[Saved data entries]
________

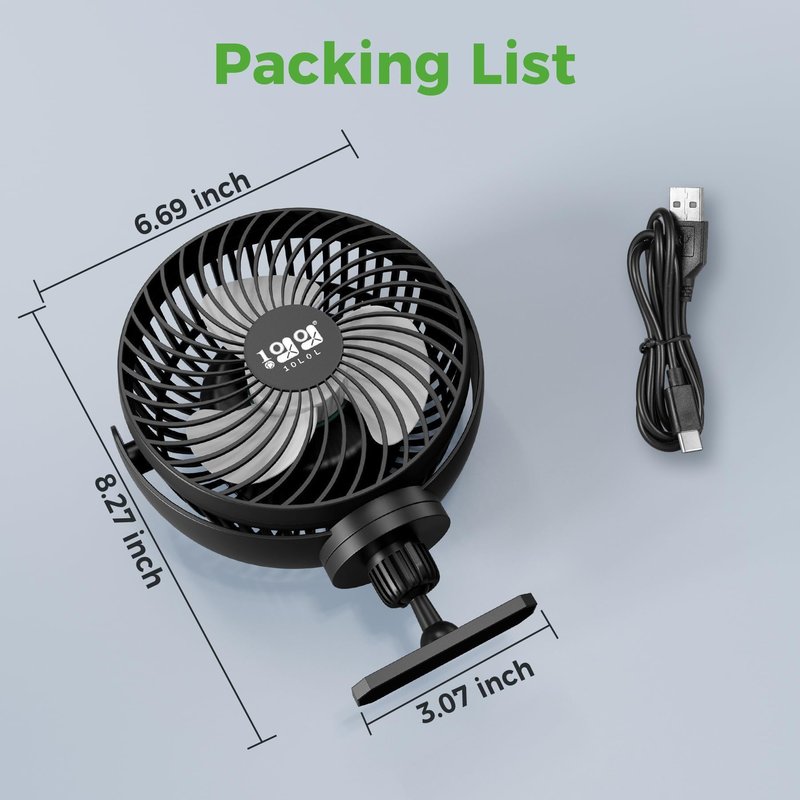 10L0L Magnetic Golf Cart Fan Rechargeable, 10000mAh Battery Operated Portable Fan with 3 Speeds, Strong Magnetic Base, 360 Rotatable Head, LED Light for Yamaha/EZGO/Club Car Golf Cart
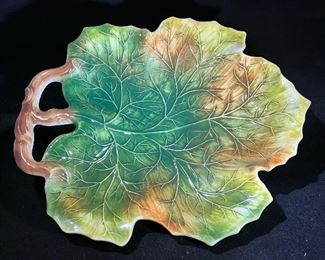 Large leaf dish, hand painted, Italy #4647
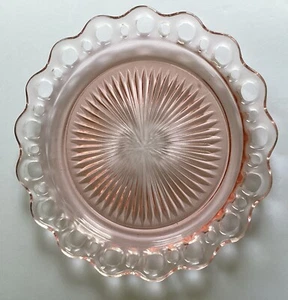 Anchor Hocking Round Old Colony Lace Edge Pink Platter - Pink Depression - Picture 1 of 6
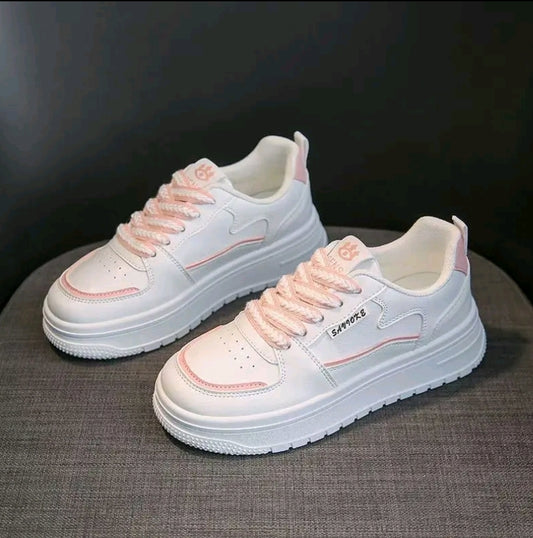 Zapatos casuales de mujer Estilo de punta redonda con comodidad de corte bajo. Letras con cordones v suela suave antideslizante. Zapato casual para exterior transpirable > ligero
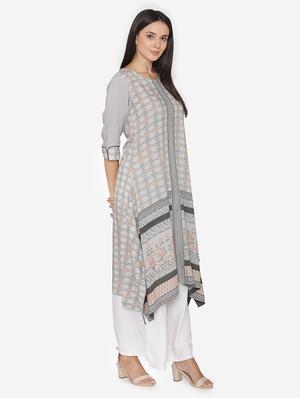 grey rayon highlow kurta - 16694411 - Standard Image - 2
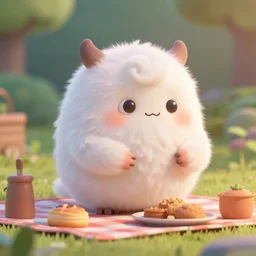 little fluffy monster having a picnic. upcoming 3 d animation by an indie studio, rimlighting, depth of field, limited palette, intricate details.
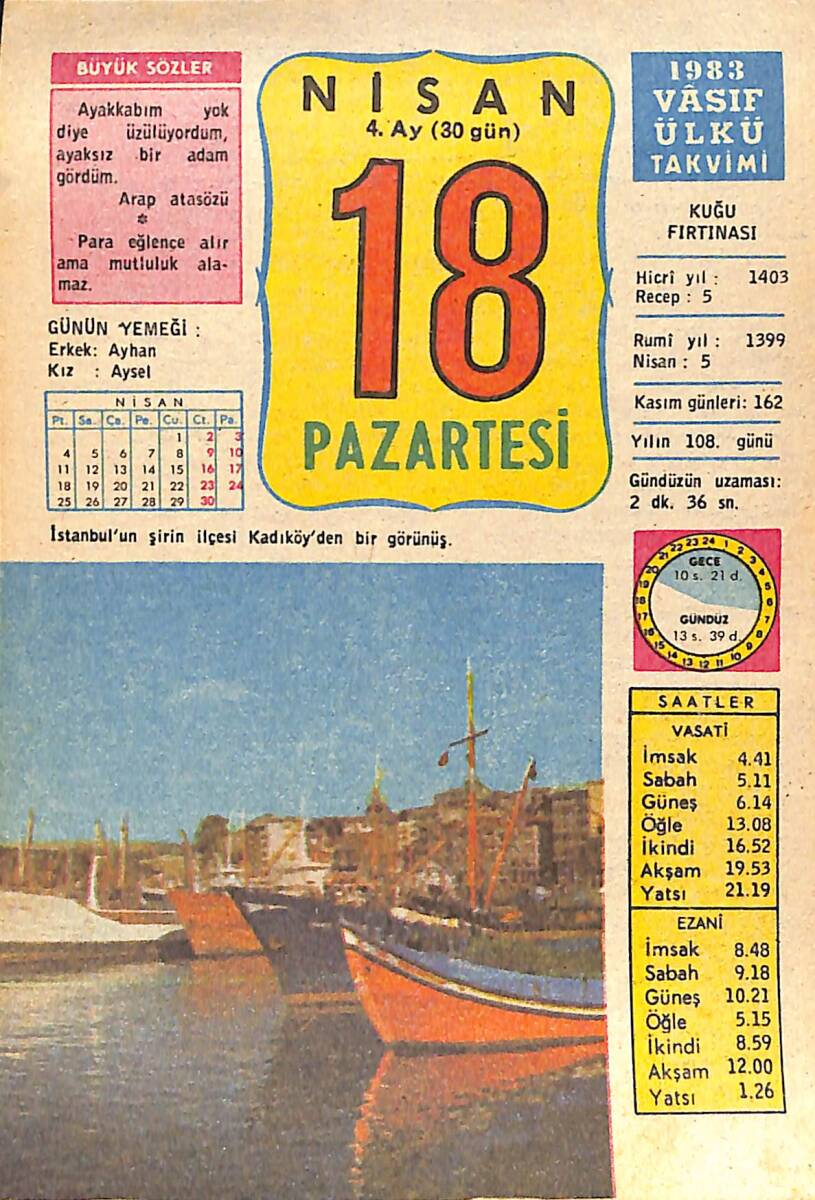 18 Nisan 1983 Takvim Yaprağı - Doğum Günü Hediyesi EFMN15142 - 1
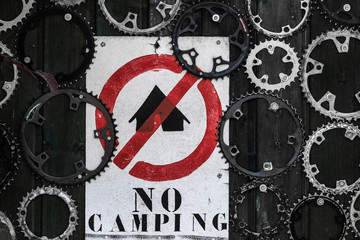 No camping warning sign
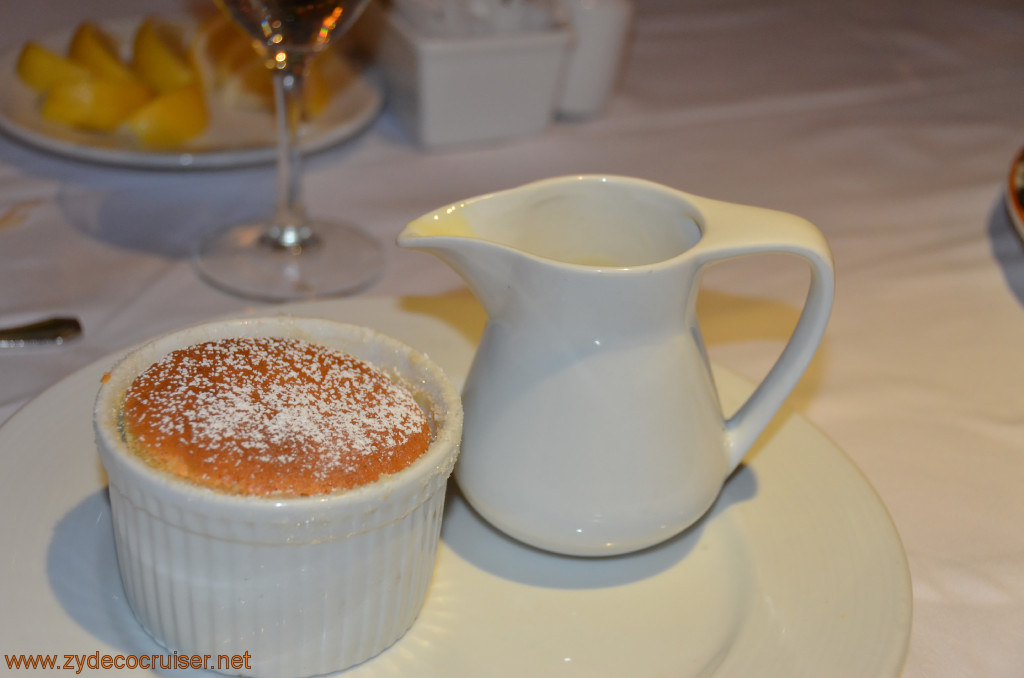 Carnival Conquest, Fun Day at Sea 3, MDR Dinner, Grand Marnier Soufflé, 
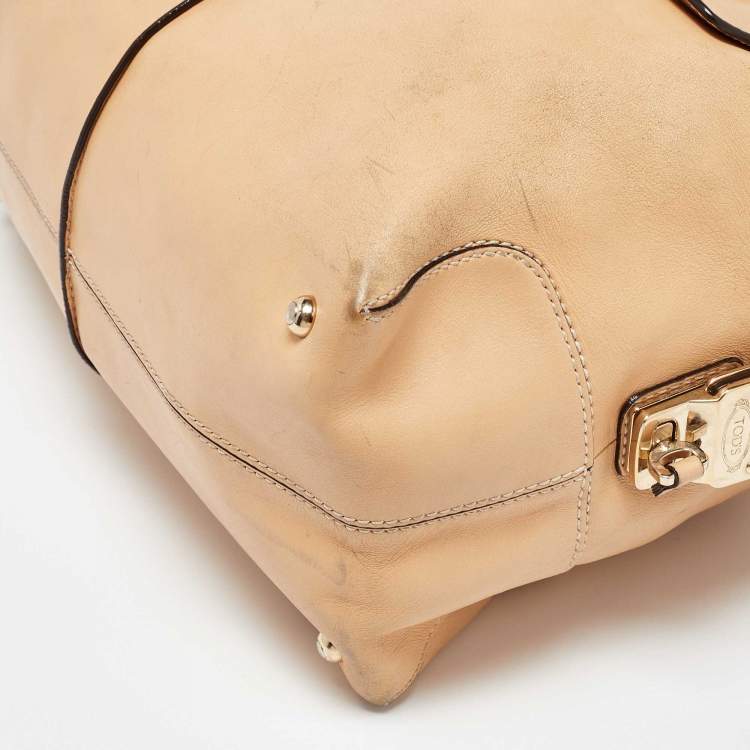 Pre Owned Tod's Beige Leather D Styling Bowler Bag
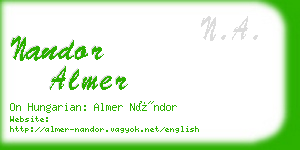 nandor almer business card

________

ACTION ITEM ▸
What you need to produce is an exact copy of the entries above, limited to the lines from the one with "Zapatos casuales de" up to and including the one with "Pre Owned Tod's", without pictures.

RESULT FOR THIS EXERCISE ▸
 Zapatos casuales de mujer Estilo de punta redonda con comodidad de corte bajo. Letras con cordones v suela suave antideslizante. Zapato casual para exterior transpirable > ligero
 grey rayon highlow kurta - 16694411 - Standard Image - 2
 little fluffy monster having a picnic. upcoming 3 d animation by an indie studio, rimlighting, depth of field, limited palette, intricate details.
 18 Nisan 1983 Takvim Yaprağı - Doğum Günü Hediyesi EFMN15142 - 1
 No camping warning sign
 Carnival Conquest, Fun Day at Sea 3, MDR Dinner, Grand Marnier Soufflé, 
 Pre Owned Tod's Beige Leather D Styling Bowler Bag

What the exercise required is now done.